Then one day I was having a crisis and I was praying with some friends who encouraged me to "use my tongues." I humored them, and was speaking random syllables at a very fast speed, as were they - still doubting that I was doing anything inherently spiritual, but figuring that God would allow me to take the risk of attempting it - at the very worst I was simply making a fool out of myself.

While we were praying these very fast random syllables, I and the guy across the table from me, started saying the exact same thing at the exact same time - and we were going WAYYYYY too fast and random for either of us to be able to copy the other person.

After that, I had a number of experiences with tongues where I started to understand what Paul said about my "spirit being edified" - basically, you know how you can walk into a room of people worshipping and sense the overwhelming sense of the Lord's presence at times - well, this started happening when I spoke in tongues.
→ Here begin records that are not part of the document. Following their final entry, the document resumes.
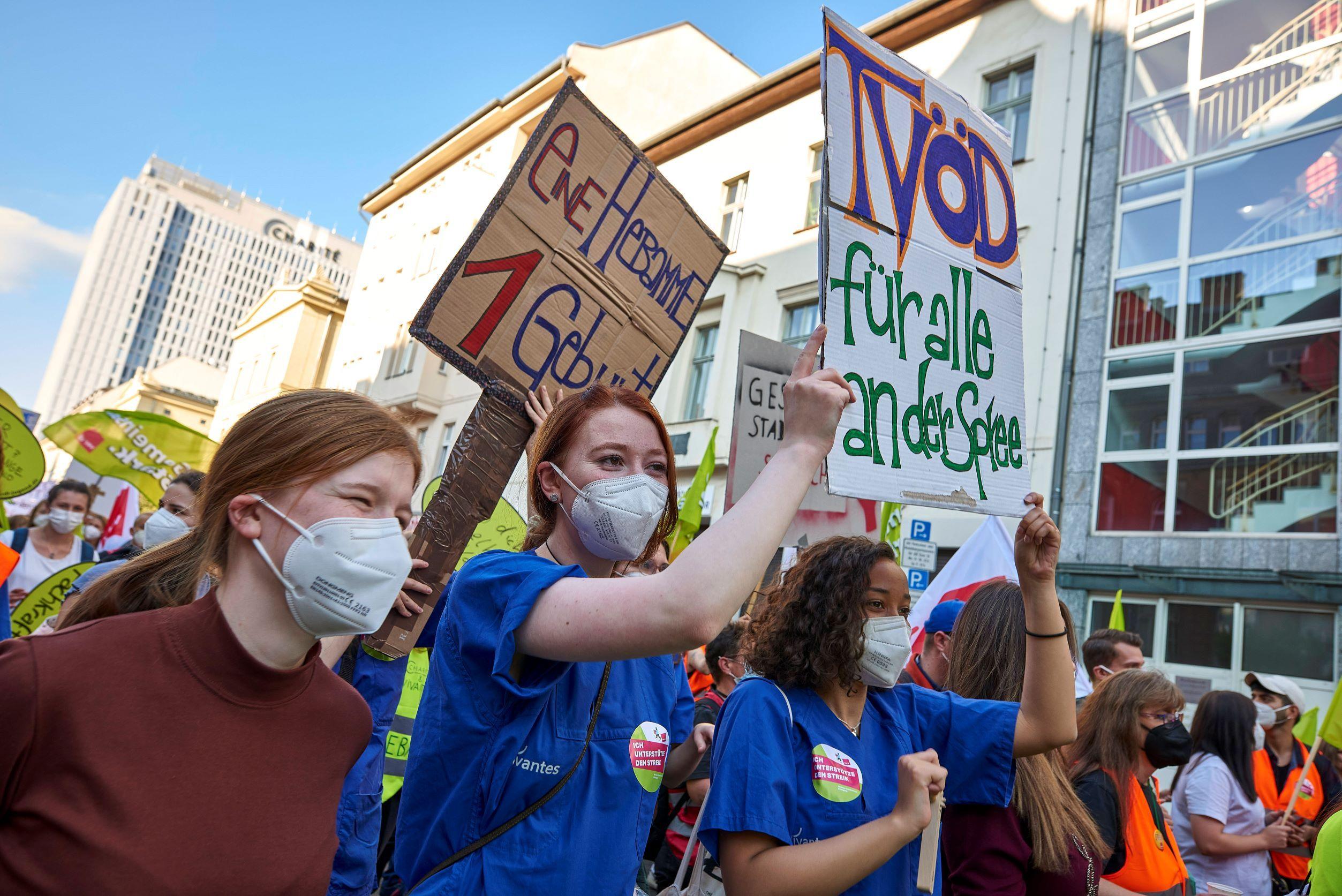 Alt-text is missing.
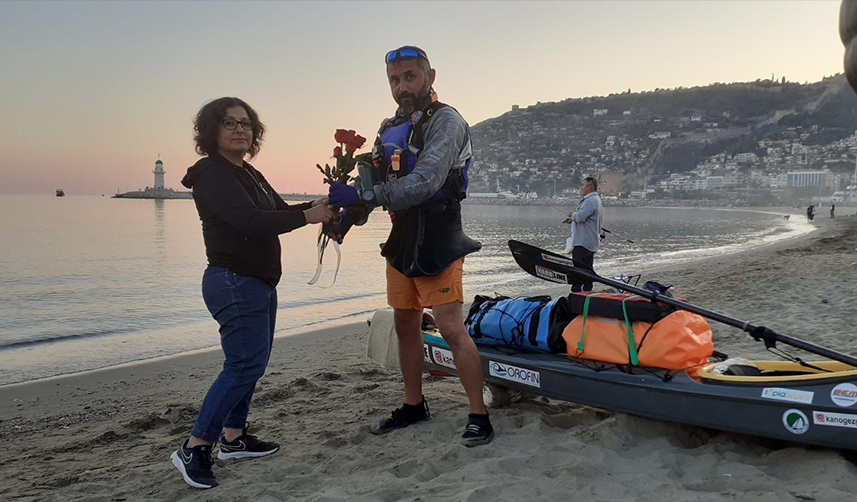 Artvin'den yola çıktı! Dört denizi kürek çekerek geçti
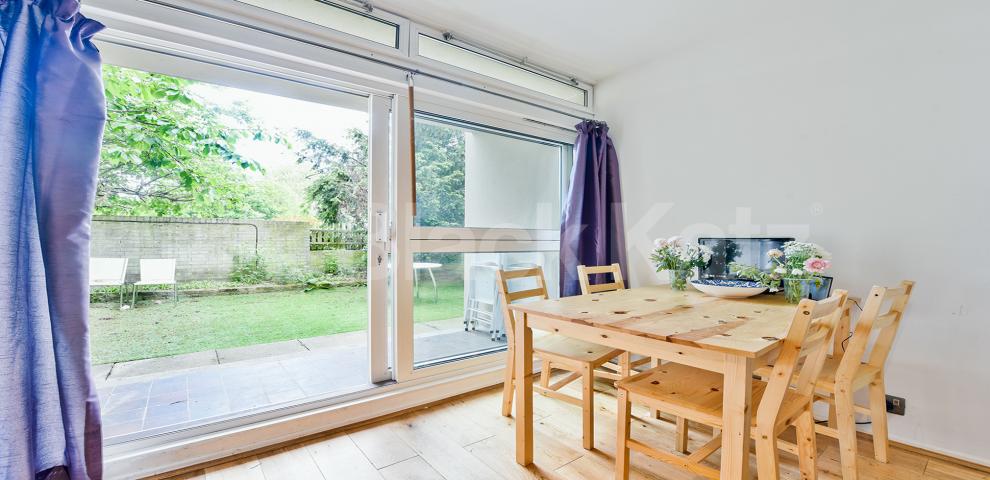 Arranged over two floors with tranquil garden Cedars Road, Clapham Common North Side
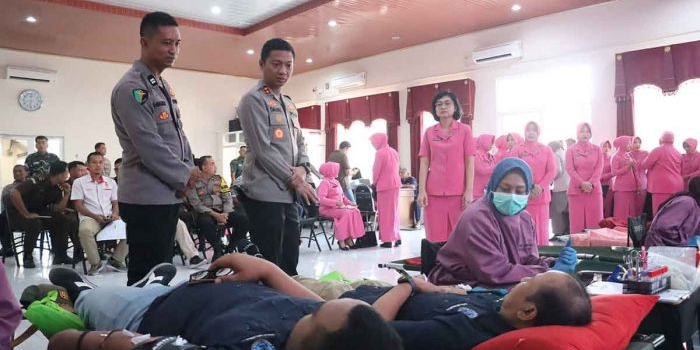 sambut-hari-bhayangkara-ke-79-polres-mojokerto-kota-gelar-donor-darah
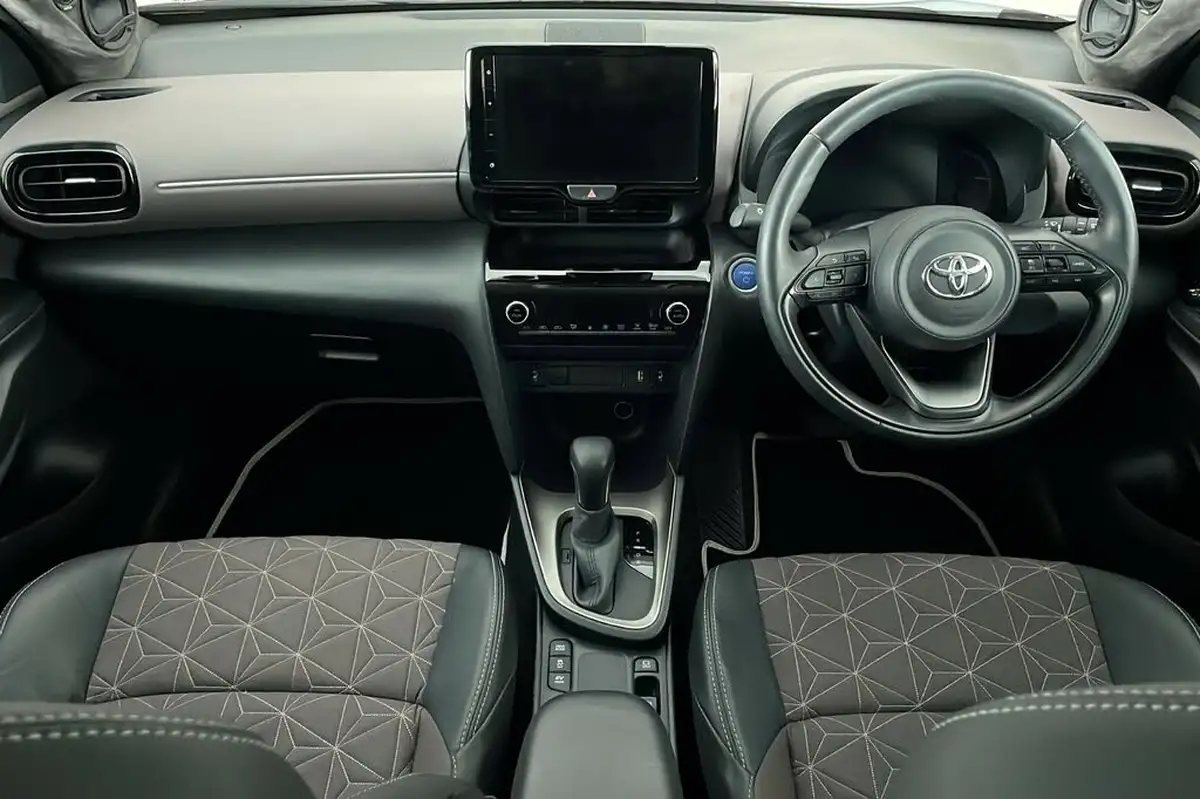 2023-toyota-yaris-cross-15-vvt-i-excel-awd-i-big-7
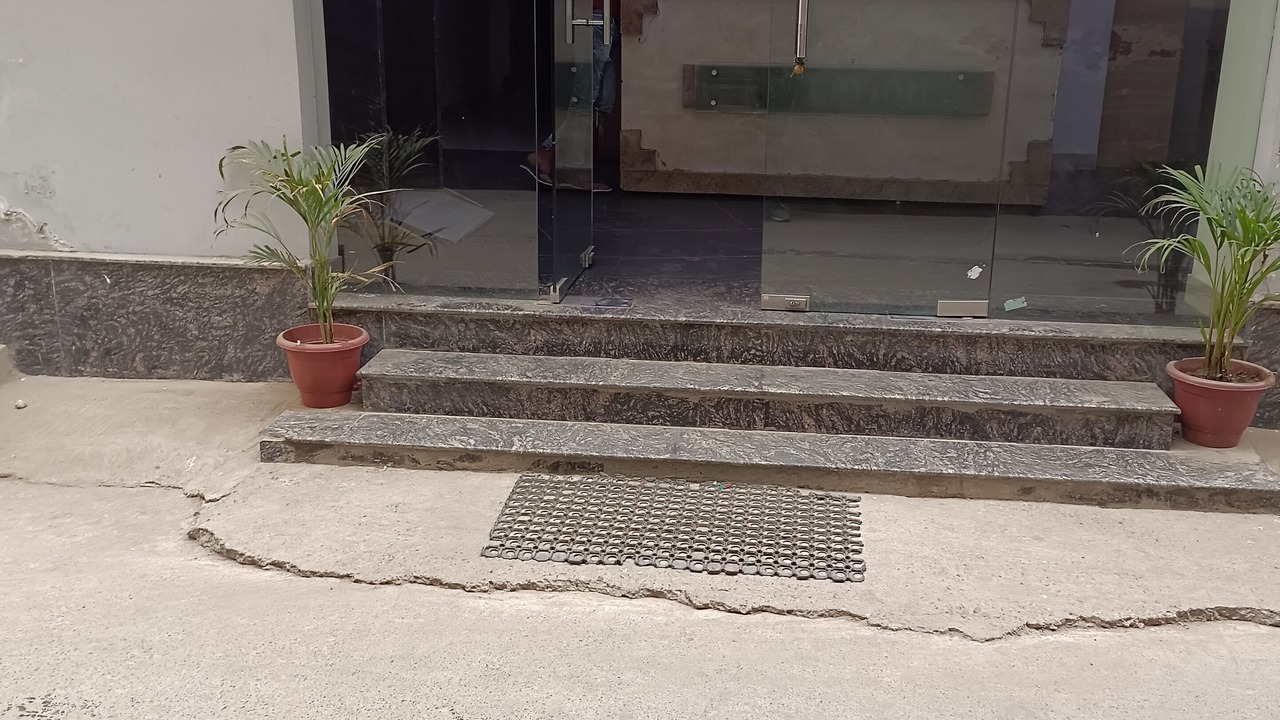 Photo of Outdoor in Mahipalpur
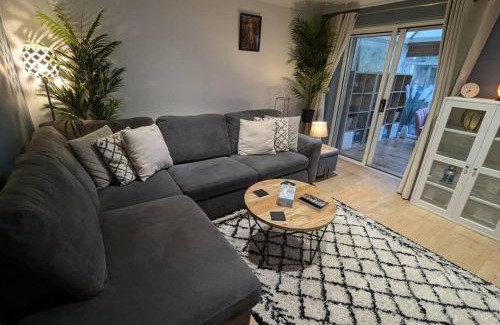 Eastbourne House | Modern 3B Eastbourne Retreat: Tranquil & Cozy Stay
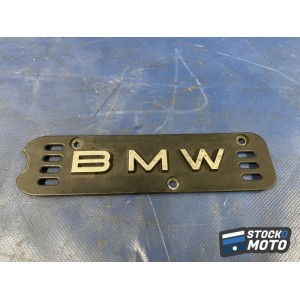 Plaque BMW sur moteur 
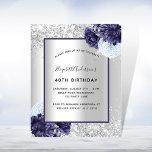 Aniversário marinho de prata azul convite floral<br><div class="desc">Fundo com aspecto fino prateado decorado com flores azuis e azuis-marinhos e brilho fino prateado,  brilhos. Personalize e adicione seu nome e detalhes da festa. Letras negras.</div>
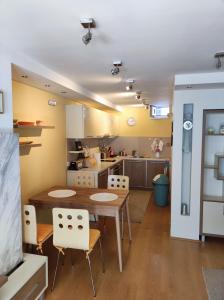 مطبخ أو مطبخ صغير في Apartman Anka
So between those two things, I decided that even my seemingly "fake" tongues were in fact quite real.

Jason Dawson said...

I think you address a conern all of us have who don't have the gift. However I just don't see in the bible where it has ceased. I don't know that it's used properly or the way the church in the 1st century understood it either however that doesn't mean that it does not exist aboslutely.

LaadiG said...

According to Act 2 when the believers were filled with the HOLY Ghost they begin to speak in tongues as the Spirit gave them utterrance.

LaadiG said...

According to Acts 2 when the believers were filled with the Holy Ghost they began to speak in tongues as the Spirit gave them utterance,

Stephen John French said...

Interesting article. I myself have been 'coached' into speaking in tongues after I told my pastor I once spoke gibberish in a meeting to fit in. To my shock, my pastor said I should continue doing so. Long story short - to justify his reasoning, he pointed to Acts 2:4 and said "'._.they began to speak in other tongues', the Holy Spirit didn't do it for them!" to which I thought to myself, "Hmm, it does go on to say 'as the Spirit gave them utterance' though." It would appear when looking at scriptures, the Holy Spirit's prompting (or stirring, as one commenter aptly) is necessary for when the more miraculous gifts of the Spirit manifest. I personally think David Platt's teaching on tongues if the most honest and Biblical, look it up if you have the opportunity. :)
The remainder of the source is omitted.